I think coming full circle is a sign that they were indeed forgotten - as in "Those who cannot remember the past are condemned to repeat it". Although the newer iterations of this idea are more managed and auto-scalable and such.
The fact that serverless functions are managed by someone else, including the auto scaling, is a big difference.
So was cgi-bin on shared hosting providers!
Including scaling? I definitely remember it as being single-host/single-server.
Let's dive in a little to how Serverless & FastCGI might be related.

The thing that fastcgi brought over cgi-bin was that an application process could be left open to communicate with the server, where-as cgi-bin model required spawning a new process for each request.

If one reads the AWS Lambda docs, they'll see the execution context[1] has a similar behavior. AWS will spin up new instances, but these instances will serve multiple requests, via a fairly custom "function" interface defined for various runtimes (but which is actually, typically an http interface). There is a standard HTTP api for runtimes to use to retrieve function invocations[2].

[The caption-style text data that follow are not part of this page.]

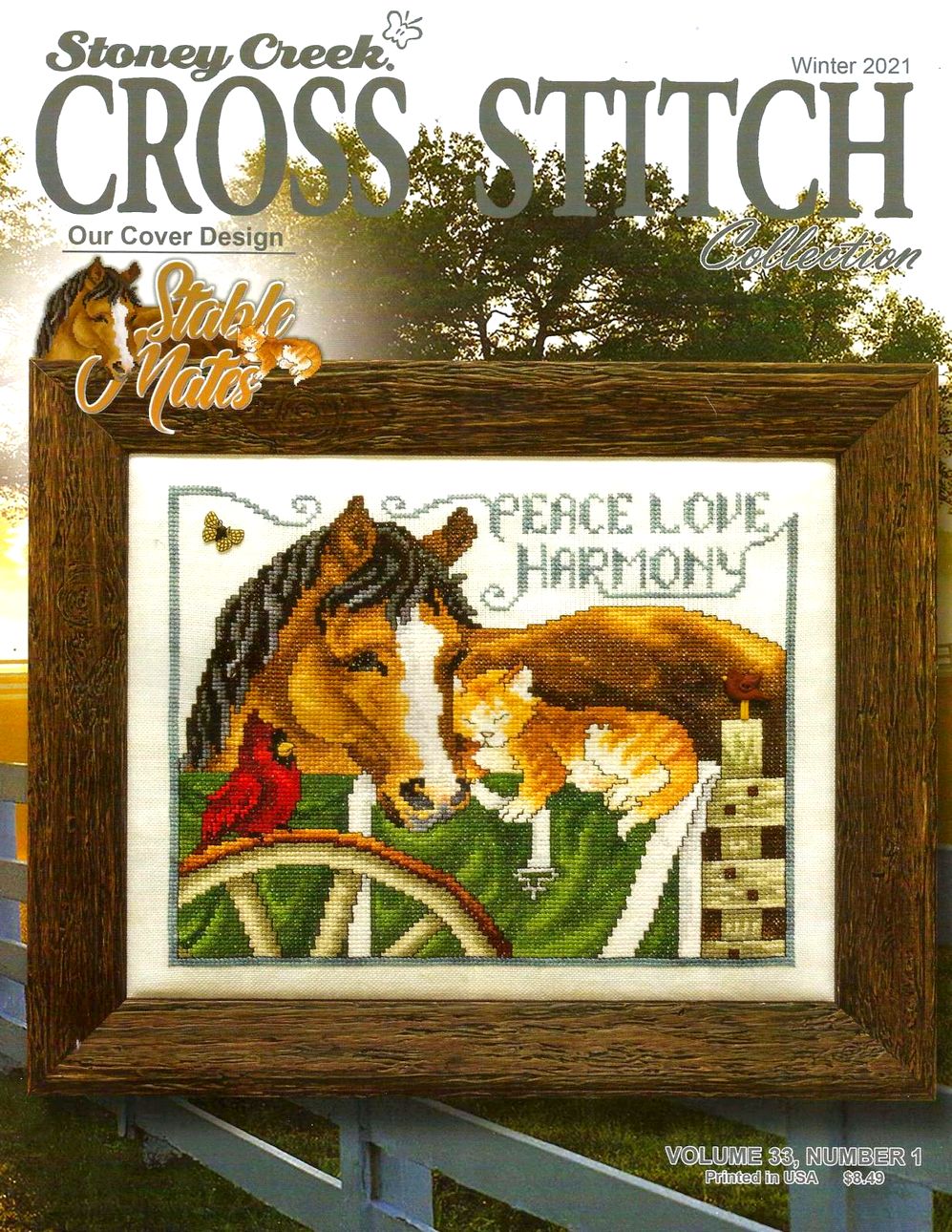 Журнал для вышивальщиц "Stoney Creek Cross Stitch Collection - Winter 2021"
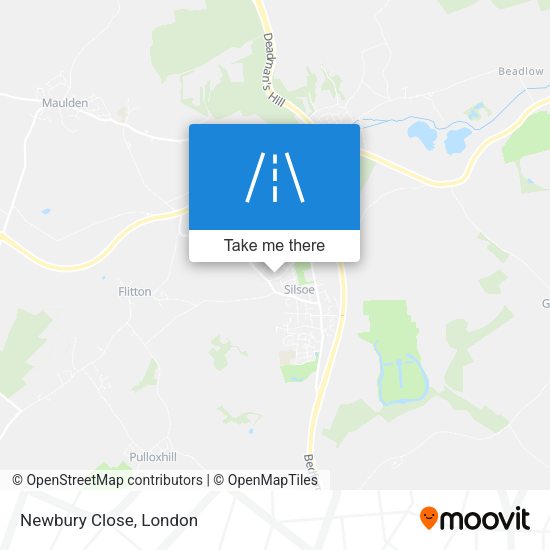 Newbury Close map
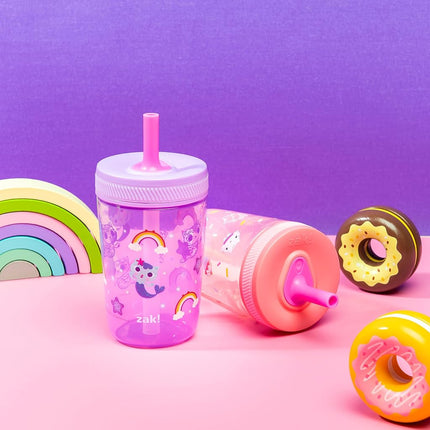 Zak Designs Gabby's Dollhouse Kelso 15oz Leak-Proof Toddler Cups, 2-Pack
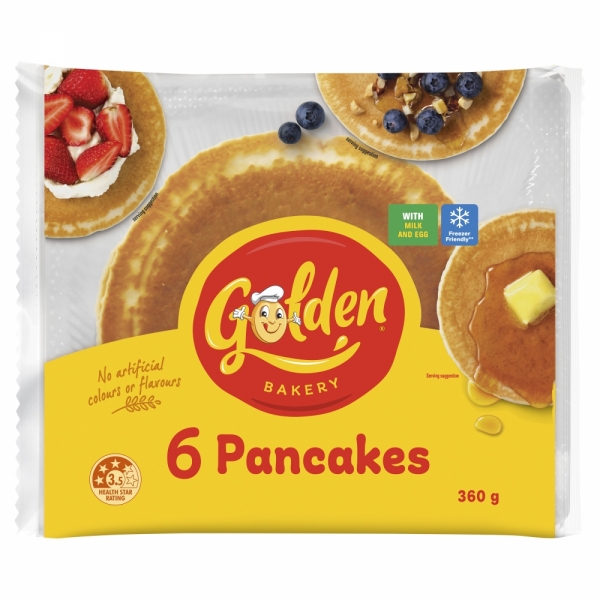 Golden Pancakes 6 Pack 360g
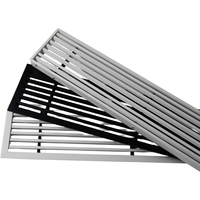 Grille de ventilation de climatisation en alliage d'aluminium PVC, ventes directes d'usine, spécifications personnalisables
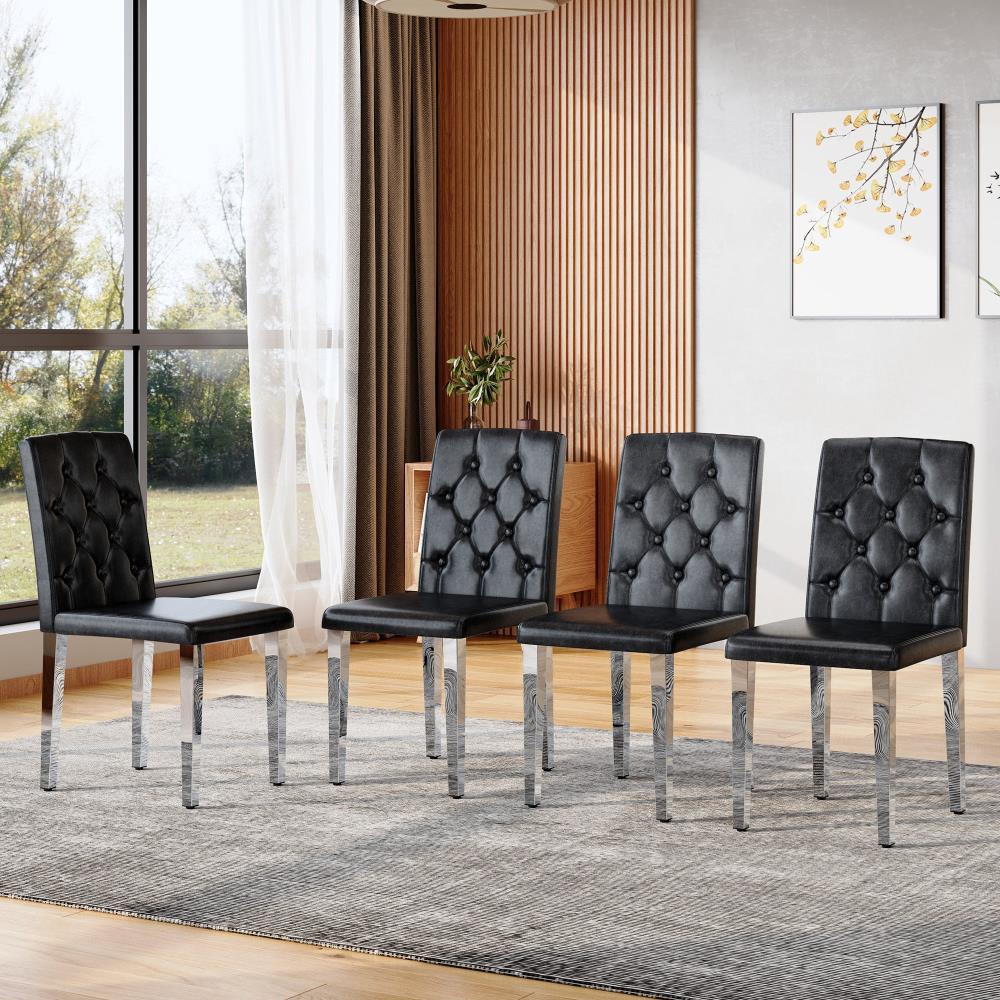 Ergonomic PU Upholstered Dining Chairs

With FastCGI the front end server uses a socket to push request messages to app servers, which replies in order. Where-as with Lambda & it's above mentioned runtime API, the runtime is retrieving requests from Amazon at it's pacing, & fulfilling them as it can. So there's a push vs pull model, but in both cases, the application server is talking a fairly custom protocol to the front-end server.

Also though, there are some cgi-bin like behaviors seen in some serverless systems. Serverless is a big umbrella with a lot of different implementation strategies. One optimization is use of checkpoint-restore. With checkpoint restore, an app server is brought up to a "ready to serve" state, then the host operating system takes a "snapshot" of the process. When new instances of the process are needed, the serverless system can "restore" this memory mapped process & the resources it was using, bringing it up in a ready-to-serve state quickly. This behavior is more cgi-bin like, in that it's a technique for spawning new serving processes quickly, although few serverless systems go as far as cgi-bin went with a per-request process. None-the-less, openwhisk for example has was showing off start times decreasing from 0.9-0.5s for node, python, java app servers down to .09s-0.7s startup times using these checkpoint restore capabilities of the OS.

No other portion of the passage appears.